Along the Color Line
November 2001


The Failure of U.S. Foreign Policies

By Manning Marable 
 
    The bombing campaign against the people of Afghanistan
will be described in history as the "U.S.  Against the Third
World." The launching of military strikes against peasants
does nothing to suppress terrorism, and only erodes American
credibility in Muslim nations around the world. The
question, "Why Do They Hate Us?," can only be answered from
the vantagepoint of the Third World's widespread poverty,
hunger and economic exploitation.

    The United States government cannot engage in effective
multilateral actions to suppress terrorism, because its
behavior illustrates its complete contempt for international
cooperation. The United States owed $582 million in back
dues to the United Nations, and it paid up only when the
September 11 attacks jeopardized its national
security. Republican conservatives demand that the United
States should be exempt from the jurisdiction of an
International Criminal Court, a permanent tribunal now being
established at The Hague, Netherlands. For the 2001 World
Conference Against Racism, the U.S. government authorized
the allocation of a paltry $250,000, compared to over $10
million provided to conference organizers by the Ford
Foundation.

    For three decades, the U.S. refused to ratify the 1965
United Nations Convention on the Elimination of Racism.  Is
it any wonder that much of the Third World questions our
motives?
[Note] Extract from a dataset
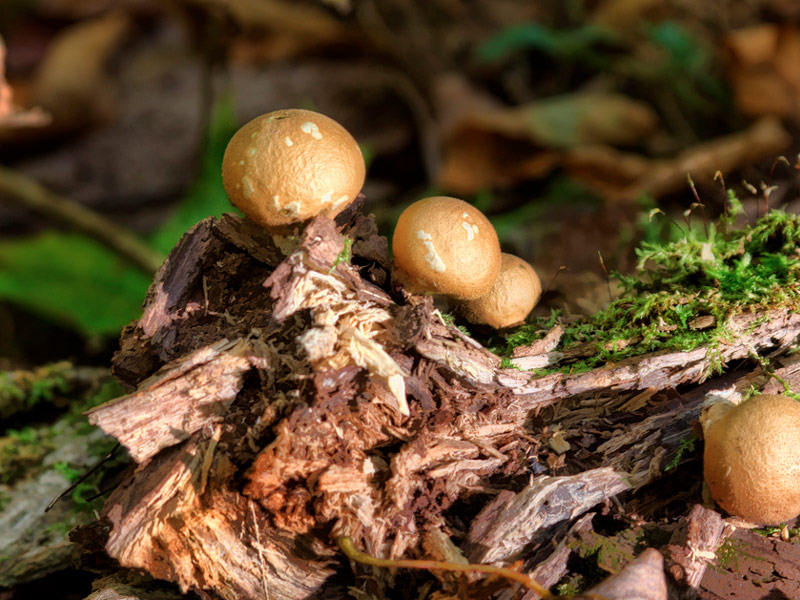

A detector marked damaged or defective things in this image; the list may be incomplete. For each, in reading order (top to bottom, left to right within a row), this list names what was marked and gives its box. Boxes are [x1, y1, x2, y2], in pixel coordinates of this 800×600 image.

splintered wood [84, 213, 800, 596]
The carpet-bombing of the Taliban seems to Third
World observers to have less to do with the suppression of
terrorism, and more with securing future petroleum
production rights in central Asia.

    The U.S. media and opinion makers repeatedly have gone
out of their way to twist facts and to distort the political
realities of the Middle East, by insisting that the Osama
bin Laden group's murderous assaults had nothing to do with
Israel's policies towards the Palestinians.  Nobody else in
the world, with the possible exception of the Israelis,
really believes that. Even Britain, Bush's staunchest ally,
links Israel's intransigence towards negotiations and human
rights violations as having contributed to the environment
for Arab terrorist retaliation.

    In late September, during his visit to Jerusalem,
British Foreign Secretary Jack Straw stated that frustration
over the Israeli-Palestinian conflict might create an excuse
for terrorism. Straw explained: "there is never any excuse
for terrorism. At the same time, there is an obvious need to
understand the environment in which terrorism breeds."
Millions of moderate and progressive Muslims who sincerely
denounce terrorism are nevertheless frustrated by the United
States's extensive clientage relationship with Israel,
financed by more than $3 billion in annual subsidies. They
want to know why the U.S. allowed the Israelis to move over
200,000 Jewish settlers -- one half of them after the
signing of the 1993 peace agreement -- to relocate in
occupied Palestine. It is no exaggeration in saying that for
most of the world's one billion Muslims that Israel is as
anathema to them, as the apartheid regime of South Africa
was for black people.

    How does terrorist Osama bin Laden gain loyal followers
from northern Nigeria to Indonesia? Perhaps it has something
to do with America's massive presence -- in fact, its
military-industrial occupation -- of Saudi Arabia. The
Washington Post recently revealed that in the past two
decades, U.S. construction companies and arms suppliers have
made over $50 billion in Saudi Arabia. Today, over thirty
thousand U.S. citizens are employed by Saudi corporations,
or by joint Saudi-U.S. corporate partnerships. Just months
ago, Exxon Mobil, the world's largest corporation, reached
an agreement with the Saudi government to develop gas
projects worth between $20 to $26 billion. Can Americans who
are not Muslims truly comprehend how morally offensive this
overwhelming U.S. occupying presence in their holy land is
to them? Even before September 11, the U.S. regularly
stationed five to six thousand troops in Saudi Arabia.
Today, that number probably exceeds 15,000 American troops.
How would the U.S. government react if the P.L.O.'s close
ally, Cuba, offered to send 15,000 troops to support the
Palestinian Authority's security force? There is, to repeat,
no justification for terrorism by anyone, anytime. But it is
U.S. policies -- such as the blanket support for Israel, and
the blockade against Iraq that has been responsible for the
needless deaths of thousands of children -- that help to
create the very conditions for extremist violence to
flourish.

    There is a direct linkage between the terrible events of
September 11 and the politics represented by the United
Nations World Conference Against Racism held in Durban,
South Africa, only days prior to the terrorist attacks. The
U.S. government in Durban opposed the definition of slavery
as "a crime against humanity." It refused to acknowledge the
historic and contemporary effects of colonialism, racial
segregation and apartheid on the underdevelopment and
oppression of the non-European world.

    It polemically manipulated the charge of anti-Semitism
to evade discussions concerning the right of
self-determination for the Palestinian people. The world's
subaltern masses represented at Durban sought to advance a
new global discussion about the political economy of racism
-- and the United States insulted the entire international
community. Should we therefore be surprised that Palestinian
children celebrate in the streets of their occupied
territories when they see televised images of our largest
buildings being destroyed? Should we be shocked that
hundreds of protest marches in opposition to the U.S.
bombing of Afghanistan are being held throughout the world?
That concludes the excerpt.